Editorial: Safe Minnesota schools and sharp bargaining
Published 9:34 am Tuesday, December 15, 2015
The emergence of school violence as a potential teachers’-strike issue is an unfortunate complication as St. Paul confronts discipline problems in its schools.
The St. Paul Federation of Teachers last week filed a petition for state mediation — a required step on the route to a potential strike — as it argues for additional staff and resources to “make our schools safe.”
The situation leaves the community — and board members, including a new majority elected with union support — with the challenge of separating the degree of bargaining-table posturing from what’s happening in city schools.
In the highest-profile among recent incidents, a Central High School teacher was seriously injured and an assistant principal hurt in a lunchroom fight that resulted in charges — one a felony — against 15- and 16-year-old assailants.
It is unfortunate that the issues “are being conflated now,” Michelle Walker, the district’s chief executive officer, told us, and that it is “quite frankly the excuse that is being used for going into mediation.”
In our one-party town, we have expressed concern about how board members — particularly those propelled into office by the teachers’-union-affiliated “Caucus for Change” movement — might be unduly beholden to that powerful constituency.
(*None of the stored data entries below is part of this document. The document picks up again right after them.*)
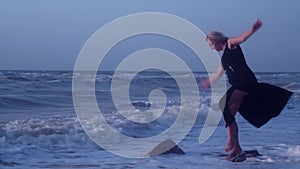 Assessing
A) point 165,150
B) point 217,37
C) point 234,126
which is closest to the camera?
point 217,37

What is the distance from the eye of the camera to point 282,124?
1288 cm

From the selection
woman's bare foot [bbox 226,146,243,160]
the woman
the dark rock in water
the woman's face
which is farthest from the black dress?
the dark rock in water

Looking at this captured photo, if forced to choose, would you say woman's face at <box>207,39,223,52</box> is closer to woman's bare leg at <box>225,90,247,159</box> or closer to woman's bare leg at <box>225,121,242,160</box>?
woman's bare leg at <box>225,90,247,159</box>

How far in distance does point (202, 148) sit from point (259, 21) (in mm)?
2962

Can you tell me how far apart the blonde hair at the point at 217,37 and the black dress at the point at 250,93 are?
144 mm

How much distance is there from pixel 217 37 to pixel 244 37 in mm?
634

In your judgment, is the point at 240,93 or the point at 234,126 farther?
the point at 234,126

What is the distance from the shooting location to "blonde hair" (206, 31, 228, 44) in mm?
6953

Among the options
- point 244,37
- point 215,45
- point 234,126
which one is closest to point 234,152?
point 234,126

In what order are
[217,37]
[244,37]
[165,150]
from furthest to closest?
[165,150]
[217,37]
[244,37]

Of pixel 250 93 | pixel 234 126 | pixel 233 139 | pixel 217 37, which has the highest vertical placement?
pixel 217 37

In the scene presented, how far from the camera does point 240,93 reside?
698 centimetres

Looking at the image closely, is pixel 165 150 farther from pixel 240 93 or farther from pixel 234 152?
pixel 240 93

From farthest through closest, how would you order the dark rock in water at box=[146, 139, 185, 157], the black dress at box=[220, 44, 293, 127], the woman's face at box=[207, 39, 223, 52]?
1. the dark rock in water at box=[146, 139, 185, 157]
2. the woman's face at box=[207, 39, 223, 52]
3. the black dress at box=[220, 44, 293, 127] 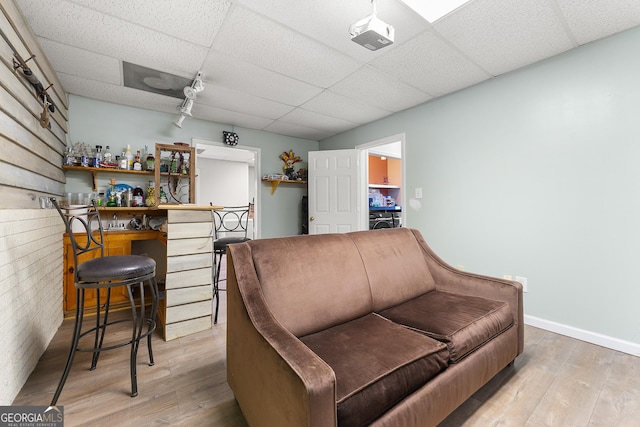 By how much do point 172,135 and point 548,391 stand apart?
450 centimetres

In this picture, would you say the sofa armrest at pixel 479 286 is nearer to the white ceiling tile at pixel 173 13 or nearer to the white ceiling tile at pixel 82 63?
the white ceiling tile at pixel 173 13

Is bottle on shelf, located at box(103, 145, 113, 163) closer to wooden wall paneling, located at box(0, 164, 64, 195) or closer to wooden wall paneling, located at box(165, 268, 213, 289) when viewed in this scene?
wooden wall paneling, located at box(0, 164, 64, 195)

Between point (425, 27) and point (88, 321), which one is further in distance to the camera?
point (88, 321)

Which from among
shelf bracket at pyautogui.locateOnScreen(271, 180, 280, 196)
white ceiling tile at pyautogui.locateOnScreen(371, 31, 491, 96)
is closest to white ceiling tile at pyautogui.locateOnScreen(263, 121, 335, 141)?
shelf bracket at pyautogui.locateOnScreen(271, 180, 280, 196)

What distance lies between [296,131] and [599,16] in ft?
11.8

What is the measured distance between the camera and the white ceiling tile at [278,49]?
193cm

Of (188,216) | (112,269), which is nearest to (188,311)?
(188,216)

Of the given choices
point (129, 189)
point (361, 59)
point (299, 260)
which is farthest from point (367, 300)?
point (129, 189)

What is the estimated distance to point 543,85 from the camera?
2.42m

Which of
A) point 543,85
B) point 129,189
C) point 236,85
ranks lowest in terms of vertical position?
point 129,189

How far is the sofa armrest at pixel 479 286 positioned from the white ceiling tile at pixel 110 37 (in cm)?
255

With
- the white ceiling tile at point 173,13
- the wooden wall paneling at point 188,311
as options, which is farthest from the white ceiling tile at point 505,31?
the wooden wall paneling at point 188,311

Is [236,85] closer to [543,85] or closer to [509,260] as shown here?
[543,85]

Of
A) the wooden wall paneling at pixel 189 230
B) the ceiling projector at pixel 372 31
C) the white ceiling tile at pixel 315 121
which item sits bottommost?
the wooden wall paneling at pixel 189 230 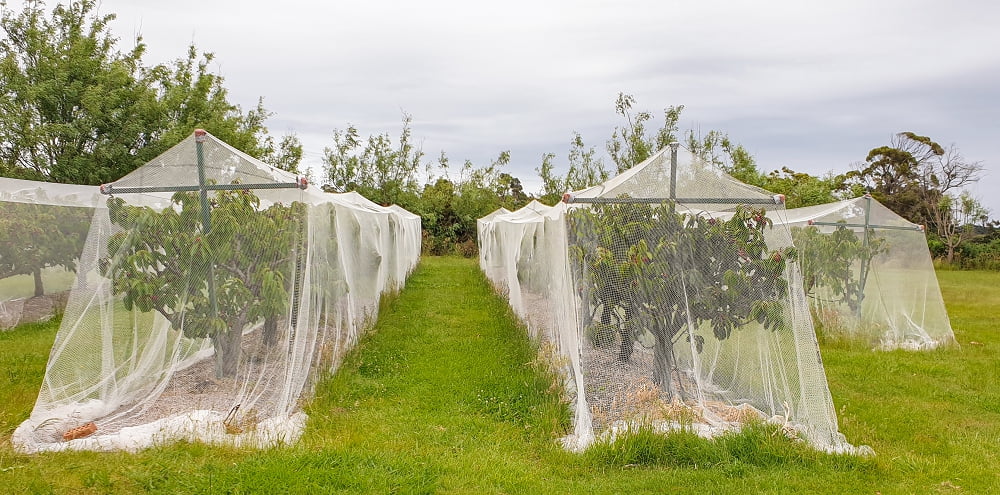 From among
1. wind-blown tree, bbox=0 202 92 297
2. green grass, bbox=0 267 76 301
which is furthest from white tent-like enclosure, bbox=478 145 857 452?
green grass, bbox=0 267 76 301

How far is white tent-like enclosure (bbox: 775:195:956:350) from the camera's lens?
25.3ft

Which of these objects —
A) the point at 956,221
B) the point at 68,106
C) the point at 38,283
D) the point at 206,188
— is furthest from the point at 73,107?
the point at 956,221

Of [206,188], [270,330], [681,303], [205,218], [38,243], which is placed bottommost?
[270,330]

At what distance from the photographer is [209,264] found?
15.0ft

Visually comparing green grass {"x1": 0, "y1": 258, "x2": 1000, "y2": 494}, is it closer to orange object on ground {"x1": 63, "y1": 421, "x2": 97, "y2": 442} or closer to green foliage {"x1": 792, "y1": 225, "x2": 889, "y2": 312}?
orange object on ground {"x1": 63, "y1": 421, "x2": 97, "y2": 442}

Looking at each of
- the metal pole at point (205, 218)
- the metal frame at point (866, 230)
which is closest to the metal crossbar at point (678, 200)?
the metal pole at point (205, 218)

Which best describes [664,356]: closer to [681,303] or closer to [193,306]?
[681,303]

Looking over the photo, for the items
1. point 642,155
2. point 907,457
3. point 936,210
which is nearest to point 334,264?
point 907,457

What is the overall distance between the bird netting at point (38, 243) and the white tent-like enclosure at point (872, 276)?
9.13 m

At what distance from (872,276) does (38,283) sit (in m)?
10.5

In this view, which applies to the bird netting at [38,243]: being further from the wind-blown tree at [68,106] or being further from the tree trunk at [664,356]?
the tree trunk at [664,356]

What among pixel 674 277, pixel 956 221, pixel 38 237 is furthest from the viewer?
pixel 956 221

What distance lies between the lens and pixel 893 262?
314 inches

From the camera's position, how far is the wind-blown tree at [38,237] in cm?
737
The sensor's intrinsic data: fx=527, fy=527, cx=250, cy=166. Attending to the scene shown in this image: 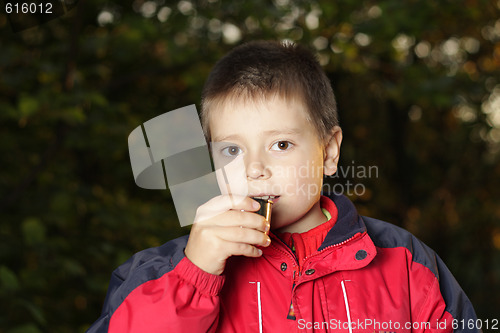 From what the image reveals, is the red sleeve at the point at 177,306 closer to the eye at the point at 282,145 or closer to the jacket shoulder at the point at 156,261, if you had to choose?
the jacket shoulder at the point at 156,261

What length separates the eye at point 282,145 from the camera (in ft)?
3.89

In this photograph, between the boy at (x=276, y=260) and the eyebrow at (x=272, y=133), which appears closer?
the boy at (x=276, y=260)

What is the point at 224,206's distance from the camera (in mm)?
1095

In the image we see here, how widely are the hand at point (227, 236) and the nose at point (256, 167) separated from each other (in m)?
0.08

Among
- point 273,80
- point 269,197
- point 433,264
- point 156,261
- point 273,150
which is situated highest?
point 273,80

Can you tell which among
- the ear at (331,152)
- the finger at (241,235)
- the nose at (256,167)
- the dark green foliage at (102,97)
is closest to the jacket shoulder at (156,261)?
the finger at (241,235)

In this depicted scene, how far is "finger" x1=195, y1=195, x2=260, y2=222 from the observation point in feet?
3.53

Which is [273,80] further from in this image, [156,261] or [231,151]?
[156,261]

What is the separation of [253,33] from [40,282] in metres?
1.54

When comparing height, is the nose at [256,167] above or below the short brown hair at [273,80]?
below

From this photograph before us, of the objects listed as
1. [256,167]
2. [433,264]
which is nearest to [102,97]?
[256,167]

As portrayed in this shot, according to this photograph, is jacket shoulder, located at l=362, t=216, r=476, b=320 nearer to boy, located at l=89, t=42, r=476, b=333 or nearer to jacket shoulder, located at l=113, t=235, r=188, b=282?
boy, located at l=89, t=42, r=476, b=333

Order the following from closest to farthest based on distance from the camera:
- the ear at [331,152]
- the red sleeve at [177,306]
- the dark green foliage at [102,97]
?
the red sleeve at [177,306] < the ear at [331,152] < the dark green foliage at [102,97]

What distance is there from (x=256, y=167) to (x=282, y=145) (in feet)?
0.31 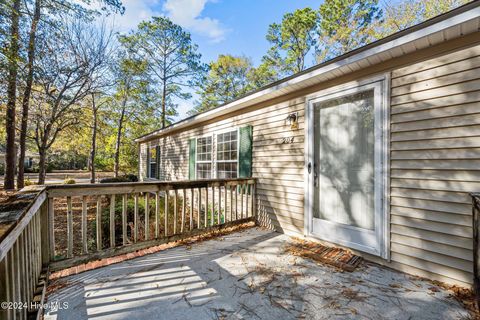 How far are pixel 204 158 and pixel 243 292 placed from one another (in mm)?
4706

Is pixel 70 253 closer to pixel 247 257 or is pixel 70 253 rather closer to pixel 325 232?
pixel 247 257

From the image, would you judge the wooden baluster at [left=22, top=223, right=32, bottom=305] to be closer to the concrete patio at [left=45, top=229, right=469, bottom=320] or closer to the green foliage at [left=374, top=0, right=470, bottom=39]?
the concrete patio at [left=45, top=229, right=469, bottom=320]

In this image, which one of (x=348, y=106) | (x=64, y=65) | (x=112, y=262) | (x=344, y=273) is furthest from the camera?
(x=64, y=65)

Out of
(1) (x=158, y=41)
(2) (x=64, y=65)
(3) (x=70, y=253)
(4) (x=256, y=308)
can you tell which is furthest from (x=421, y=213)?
(1) (x=158, y=41)

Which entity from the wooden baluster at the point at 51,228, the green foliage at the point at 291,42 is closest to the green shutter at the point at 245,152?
the wooden baluster at the point at 51,228

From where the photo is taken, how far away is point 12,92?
618 centimetres

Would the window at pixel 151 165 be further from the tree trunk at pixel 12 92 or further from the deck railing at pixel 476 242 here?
the deck railing at pixel 476 242

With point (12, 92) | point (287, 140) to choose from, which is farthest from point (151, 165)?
point (287, 140)

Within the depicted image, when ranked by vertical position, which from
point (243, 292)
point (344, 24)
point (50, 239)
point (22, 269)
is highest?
point (344, 24)

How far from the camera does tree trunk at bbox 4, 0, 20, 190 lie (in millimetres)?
4742

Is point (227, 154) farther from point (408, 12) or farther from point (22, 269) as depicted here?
point (408, 12)

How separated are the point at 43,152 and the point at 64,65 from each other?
3235 mm

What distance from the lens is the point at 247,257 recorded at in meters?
2.81

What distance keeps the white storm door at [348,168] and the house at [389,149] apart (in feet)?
0.04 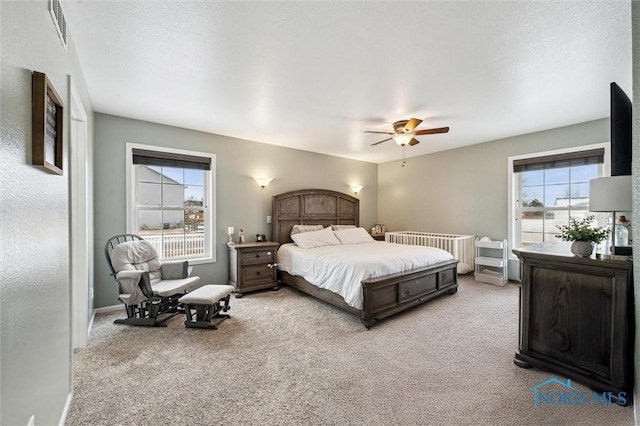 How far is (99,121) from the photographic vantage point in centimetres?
352

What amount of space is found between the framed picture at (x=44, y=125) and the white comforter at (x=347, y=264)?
2.67 m

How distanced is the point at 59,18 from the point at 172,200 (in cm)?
281

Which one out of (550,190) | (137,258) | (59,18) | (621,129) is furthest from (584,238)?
(137,258)

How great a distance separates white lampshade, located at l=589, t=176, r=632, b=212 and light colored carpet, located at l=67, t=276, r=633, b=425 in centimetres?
132

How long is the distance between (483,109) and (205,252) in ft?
14.9

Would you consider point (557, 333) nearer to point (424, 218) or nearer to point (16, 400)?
point (16, 400)

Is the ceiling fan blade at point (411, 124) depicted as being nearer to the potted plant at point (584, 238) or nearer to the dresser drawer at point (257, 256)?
the potted plant at point (584, 238)

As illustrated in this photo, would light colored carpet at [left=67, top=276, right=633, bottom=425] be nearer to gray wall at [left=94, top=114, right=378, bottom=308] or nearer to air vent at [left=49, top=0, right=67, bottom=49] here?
gray wall at [left=94, top=114, right=378, bottom=308]

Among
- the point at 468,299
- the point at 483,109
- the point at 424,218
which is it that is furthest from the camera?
the point at 424,218

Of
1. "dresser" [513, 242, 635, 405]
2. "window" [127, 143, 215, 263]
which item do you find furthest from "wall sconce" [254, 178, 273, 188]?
"dresser" [513, 242, 635, 405]

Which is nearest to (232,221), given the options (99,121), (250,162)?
(250,162)

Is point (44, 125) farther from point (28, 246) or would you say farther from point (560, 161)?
point (560, 161)

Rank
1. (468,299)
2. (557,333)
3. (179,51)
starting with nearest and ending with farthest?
(557,333)
(179,51)
(468,299)

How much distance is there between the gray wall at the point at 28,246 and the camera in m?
0.97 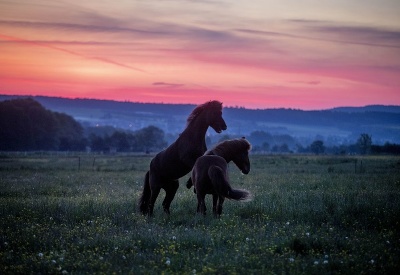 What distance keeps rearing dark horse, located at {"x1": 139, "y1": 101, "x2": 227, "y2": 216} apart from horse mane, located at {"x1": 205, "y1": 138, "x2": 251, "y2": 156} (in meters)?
0.36

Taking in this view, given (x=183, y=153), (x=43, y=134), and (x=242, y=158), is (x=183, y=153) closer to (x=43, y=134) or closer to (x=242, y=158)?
(x=242, y=158)

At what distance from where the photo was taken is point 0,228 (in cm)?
1104

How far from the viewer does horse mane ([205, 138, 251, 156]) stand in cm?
1331

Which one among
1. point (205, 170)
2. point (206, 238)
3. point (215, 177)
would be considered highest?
point (205, 170)

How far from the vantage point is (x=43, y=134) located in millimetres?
121375

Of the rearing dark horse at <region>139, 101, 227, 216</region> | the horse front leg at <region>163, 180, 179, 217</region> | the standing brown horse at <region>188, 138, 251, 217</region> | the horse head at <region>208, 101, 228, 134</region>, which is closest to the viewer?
the standing brown horse at <region>188, 138, 251, 217</region>

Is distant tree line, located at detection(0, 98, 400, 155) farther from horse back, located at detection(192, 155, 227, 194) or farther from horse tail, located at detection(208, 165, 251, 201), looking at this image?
horse tail, located at detection(208, 165, 251, 201)

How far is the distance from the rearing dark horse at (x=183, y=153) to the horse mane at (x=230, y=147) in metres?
0.36

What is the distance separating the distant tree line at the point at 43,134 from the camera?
113250 millimetres

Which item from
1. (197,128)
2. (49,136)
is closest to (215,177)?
(197,128)

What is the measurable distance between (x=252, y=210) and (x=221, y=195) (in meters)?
1.78

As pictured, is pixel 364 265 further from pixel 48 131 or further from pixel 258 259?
pixel 48 131

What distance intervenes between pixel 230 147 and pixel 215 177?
2.14 m

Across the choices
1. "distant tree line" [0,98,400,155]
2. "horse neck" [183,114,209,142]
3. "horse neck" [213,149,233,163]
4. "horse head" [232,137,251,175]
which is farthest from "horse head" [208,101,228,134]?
"distant tree line" [0,98,400,155] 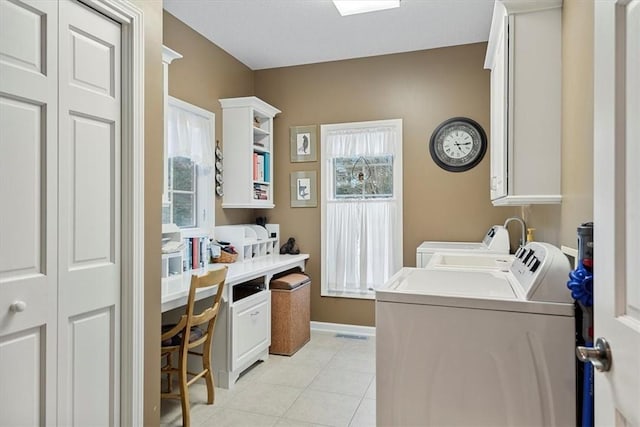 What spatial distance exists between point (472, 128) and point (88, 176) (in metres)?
3.21

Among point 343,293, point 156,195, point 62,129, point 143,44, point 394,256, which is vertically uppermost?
point 143,44

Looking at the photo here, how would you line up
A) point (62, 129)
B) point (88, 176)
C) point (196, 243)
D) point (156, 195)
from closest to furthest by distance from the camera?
point (62, 129), point (88, 176), point (156, 195), point (196, 243)

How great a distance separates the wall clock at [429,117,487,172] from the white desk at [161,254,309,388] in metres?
1.93

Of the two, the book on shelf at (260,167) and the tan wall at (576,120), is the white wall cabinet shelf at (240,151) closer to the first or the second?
the book on shelf at (260,167)

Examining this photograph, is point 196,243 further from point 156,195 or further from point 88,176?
point 88,176

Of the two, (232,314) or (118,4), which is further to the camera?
(232,314)

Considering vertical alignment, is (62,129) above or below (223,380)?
above

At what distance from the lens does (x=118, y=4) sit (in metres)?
1.69

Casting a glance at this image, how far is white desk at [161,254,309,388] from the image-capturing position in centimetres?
280

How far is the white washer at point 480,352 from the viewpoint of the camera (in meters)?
1.33

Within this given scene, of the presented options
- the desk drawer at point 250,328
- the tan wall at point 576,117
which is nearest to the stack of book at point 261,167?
the desk drawer at point 250,328

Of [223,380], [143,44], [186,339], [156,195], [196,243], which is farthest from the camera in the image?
[196,243]

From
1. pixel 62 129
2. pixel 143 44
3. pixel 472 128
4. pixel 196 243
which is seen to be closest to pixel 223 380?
pixel 196 243

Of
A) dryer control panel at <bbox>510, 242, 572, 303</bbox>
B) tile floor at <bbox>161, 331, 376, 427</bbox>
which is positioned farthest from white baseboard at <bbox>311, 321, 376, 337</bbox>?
dryer control panel at <bbox>510, 242, 572, 303</bbox> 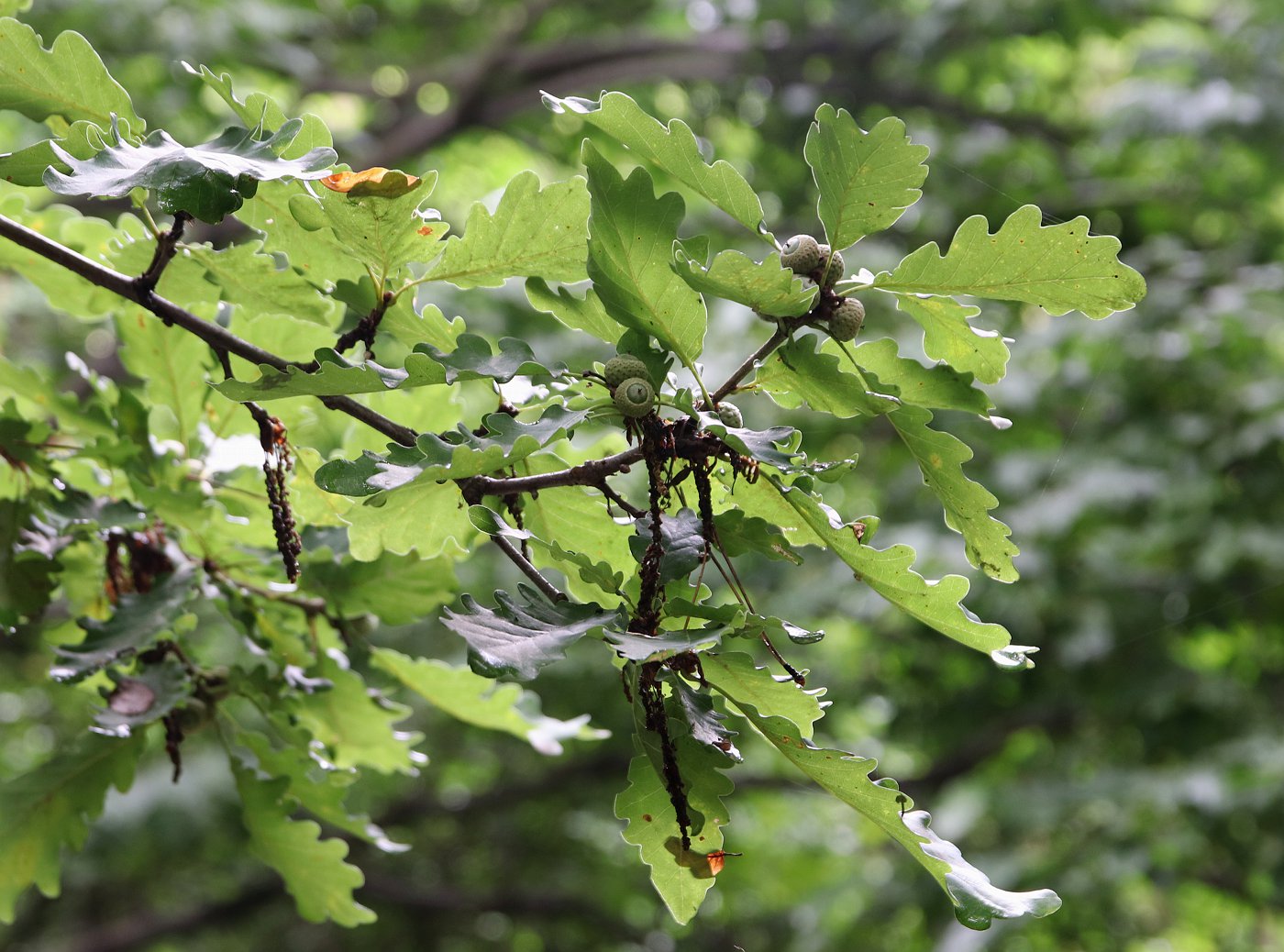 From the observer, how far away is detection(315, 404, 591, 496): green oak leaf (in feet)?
2.97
As we have noted, the school district, one of the city’s largest employers, is unionized wall to wall. Of a total of 7,700 full- and part-time workers, only a couple of dozen are not represented by a union.
“Some of what’s happening may be posturing,” Board Member-Elect Mary Vanderwert acknowledges.
But ultimately, both sides will “have to be looking at what’s best for kids and come to some agreement on that.”
The situation “reflects a fundamental mistrust that exists between these two entities,” another incoming board member, Steve Marchese, told us. Willingness to strike expresses “how seriously they think about this issue.”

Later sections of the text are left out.